Here are the communication operations occurring in the best case
scenario in Open MPI right now:
Comm_create:
- Communicator ID allocation: 2 Allreduce operations per round of
negotiations
- 1 Allreduce operation for 'activating' the communicator
Comm_split:
- 1 Allgather operation for collecting all color keys
- Communicator ID allocation: 2 Allreduce operations per round of
negotiations
- 1 Allreduce operation for 'activating' the communicator
As the description above suggests, you might need more than one round
for the comunicator id allocation, depending on the history of the
application and which IDs have already been used.
The details for how the operations are implemented can vary. We could
assume however a binary tree for the reduce and the broadcast portion of
the Allreduce operation, each being O(log P). For Allgather we could a
combination of a linear gather (O(P)) and a binary tree broadcast (O(log
P)).
So as of today, Comm_split is more expensive than Comm_create.
Thanks
Edgar
On 1/19/2015 4:13 PM, Jonathan Eckstein wrote:
Dear Open MPIers:
I have been using MPI for many years, most recently Open MPI. But I
have just encountered the first situation in which it will be helpful to
create communicators (for an unstructured sparse matrix algorithm).
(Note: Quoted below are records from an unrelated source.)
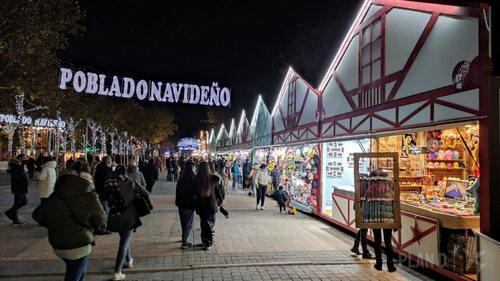 Recinto ferial de Torrejón de Ardoz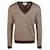 Gucci V-Neck GG Supreme Sweater Multiple colors  ref.560493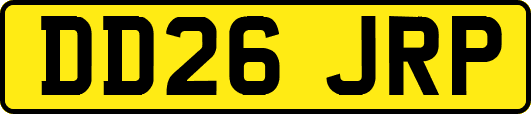 DD26JRP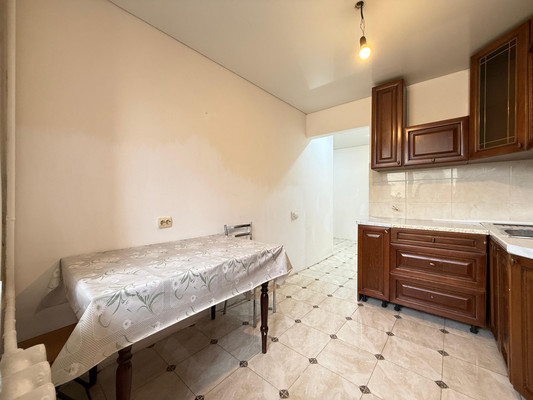 Продам однокомнатную (1-комн.) квартиру, Мусова ул, 33, Нальчик г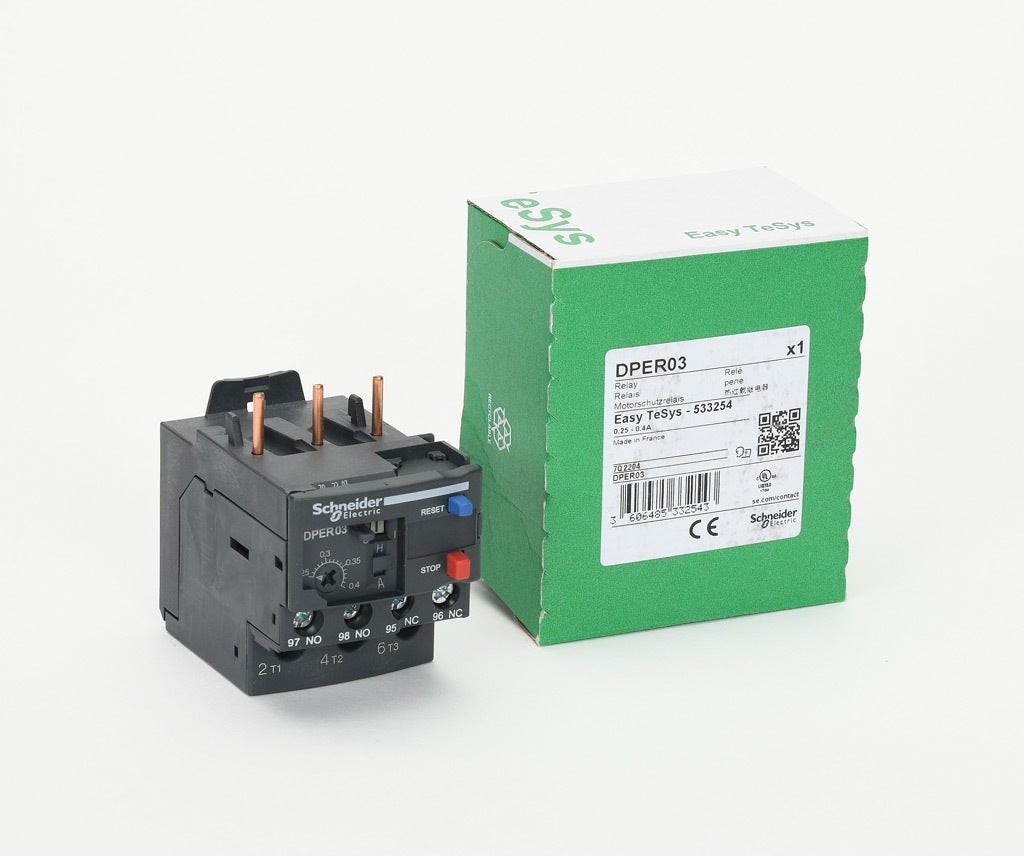 SCHNEIDER ELECTRIC - Image 1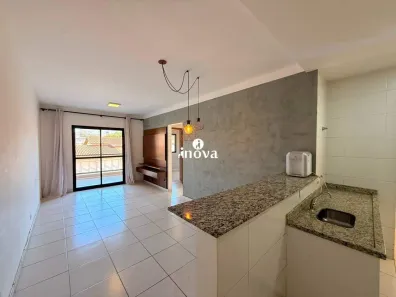Apartamento com 2 Quartos à venda, 70m² no Santa Maria, Uberaba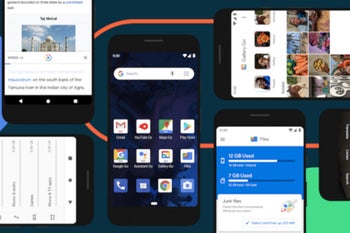 Google announces Android 10 Go Edition, here are all the changes
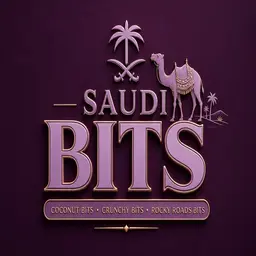 Saudi Bits logo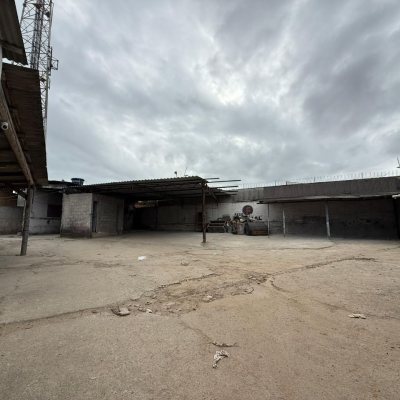 Terreno Comercial com 1766m², no bairro Santo Antônio De Lisboa em Florianópolis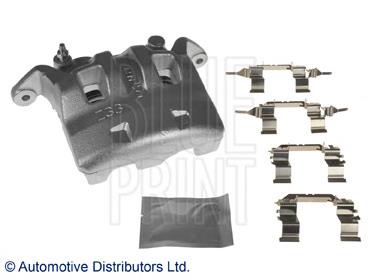 Comprar 410115X00A Nissan/Infiniti Pinza de freno delantera izquierda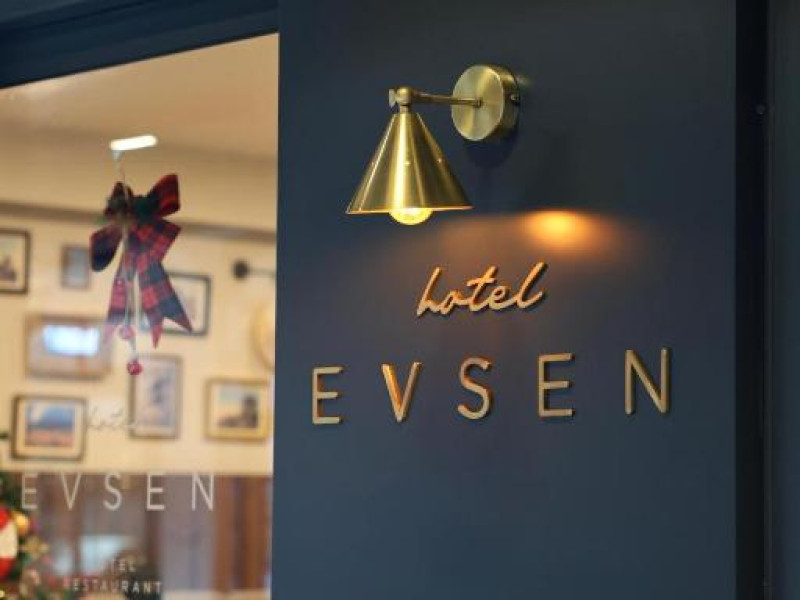 Hotel Evsen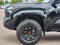 2025 Toyota Tacoma TRD Pro Hybrid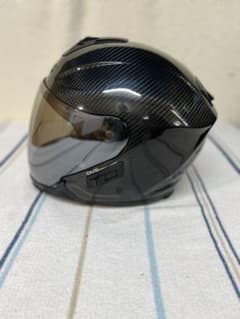 バイクヘルメット　WINS FORCE RS JETのサムネイル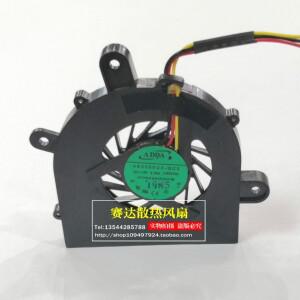 ADDA AB0505UX-QC3 5V 0.35A 냉각 팬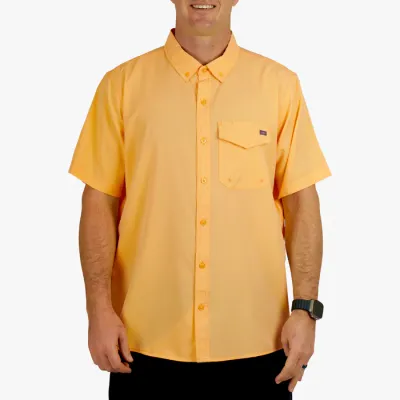 Palomar Short Sleeve Vented Fishing Shirt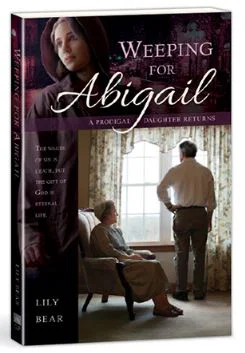 Weeping for Abigail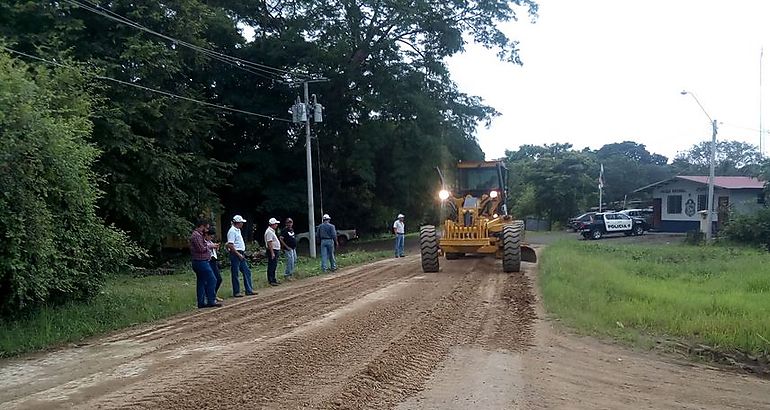 Camino de produccin en Tonos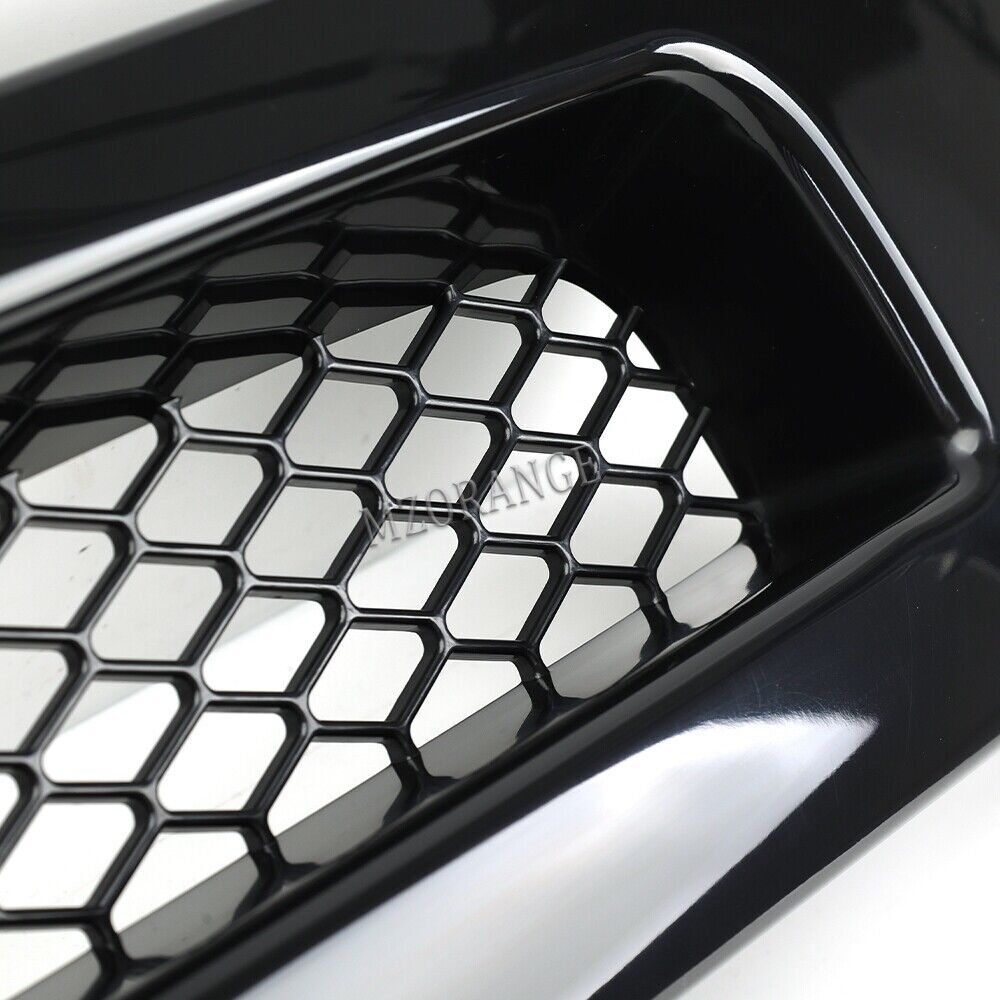 F¨¹r for Toyota for Scion XB BB 04-06 Front K¨¹hlergrill Grill Glanz Schwarz 5311152070C1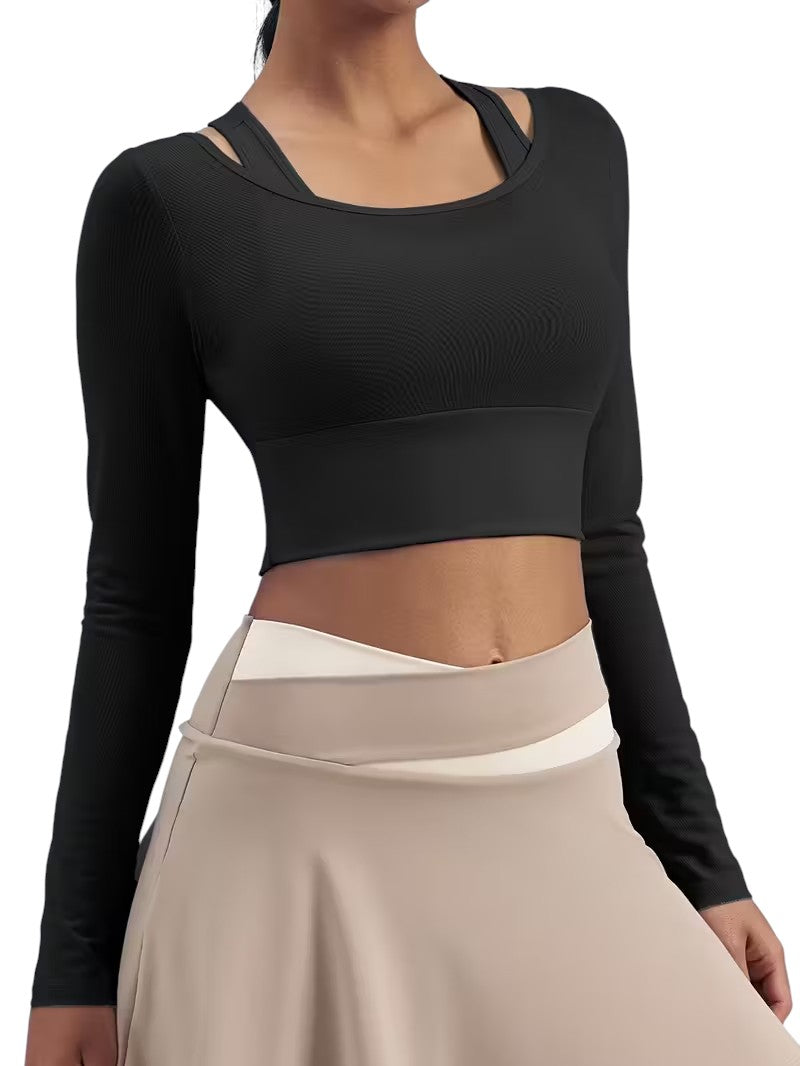 LIORA Longsleeve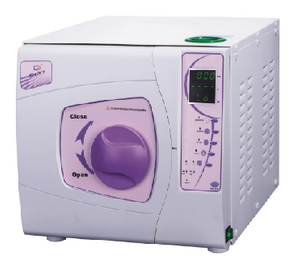 Portable Dental Laboratory Autoclave Machine 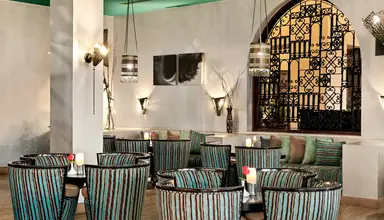 Swissotel Resort El Quseir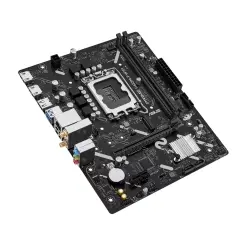 Материнская плата ASUS PRIMEH610M-F WIF
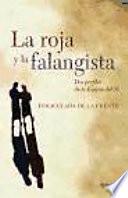 La roja y la falangista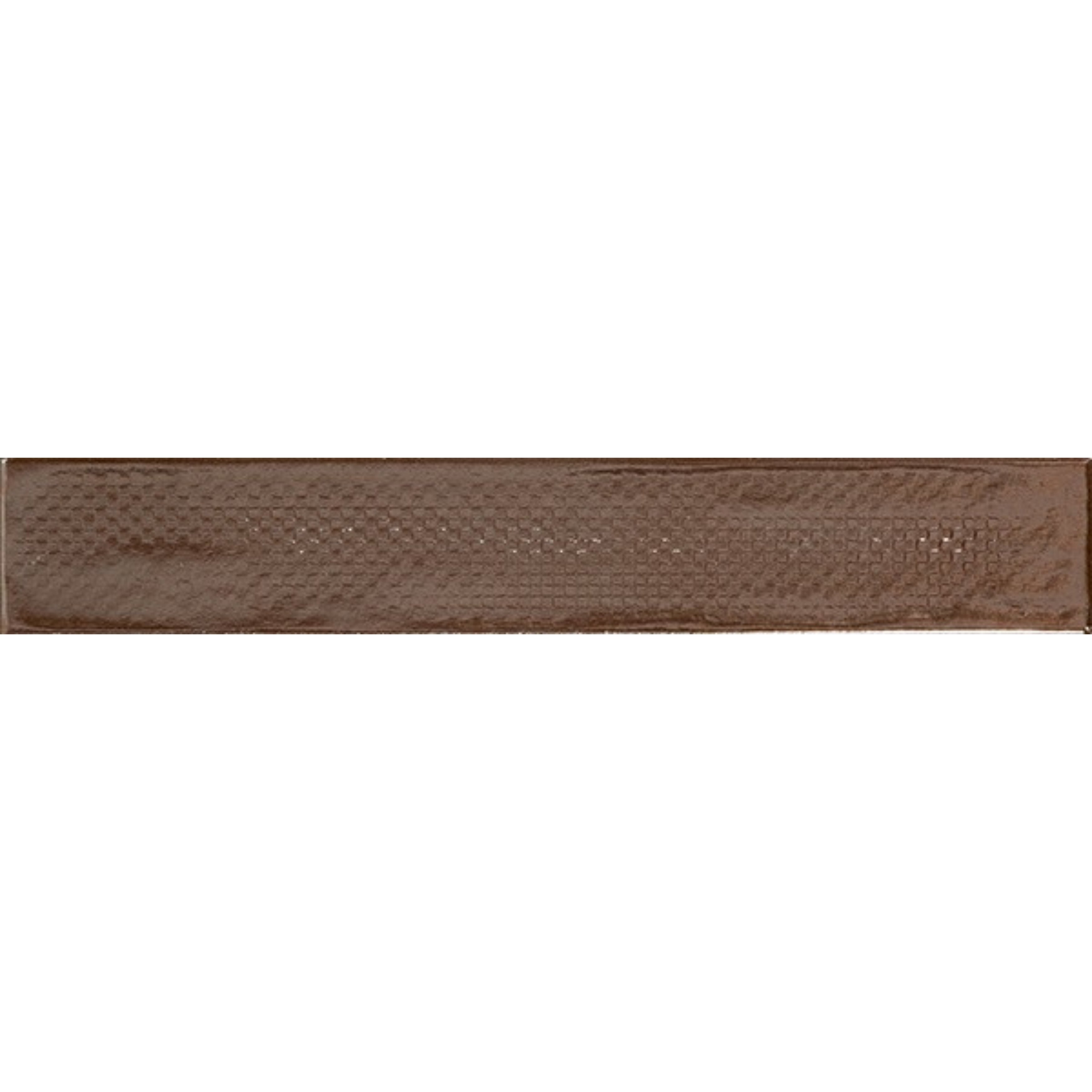 EVERSTONE VICTORY TRAME MARS GLOSSY 370X61MM PLANK TILE (PER BOX)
I have identified two ways I could create the communicators I need.
Where P denotes the number of MPI processors, Option A is:
1. Exchange of messages between processors of adjacent rank
[O(1) message rounds (one up, one down)]
2. One scan operation
[O(log P) message rounds]
3. One or two calls to MPI_COMM_SPLIT
[Unknown complexity]
Option B is:
1. Three scan operations (one in reverse direction)
[O(log P) message rounds + time to make reverse communicator]
2. Each processor calls MPI_GROUP_RANGE_INCL and MPI_COMM_CREATE
at most twice
[Unknown complexity]
All the groups/communicators I am creating are stride-1 ranges of
contiguous processors from MPI_COMM_WORLD. Some of them could overlap
by one processor, hence the possible need to call MPI_COMM_SPLIT or
MPI_COMM_CREATE twice per processor.
Option A looks easier to code, but I wonder whether it will scale as
well, because I am not sure about the complexity of MPI_COMM_SPLIT. What
are the parallel message complexities of MPI_COMM_SPLIT and
MPI_COMM_CREATE? I poked around the web but could not find much on this
topic.
For option B, I will need to make a communicator that has the same
processes as MPI_COMM_WORLD, but in reverse order. This looks like it
can be done easily with MPI_GROUP_RANGE_INCL with a stride of -1, but
again I am not sure how much communication is required to set up the
communicator -- I would guess O(log P) rounds of messages.
Any advice or explanation you can offer would be much appreciated.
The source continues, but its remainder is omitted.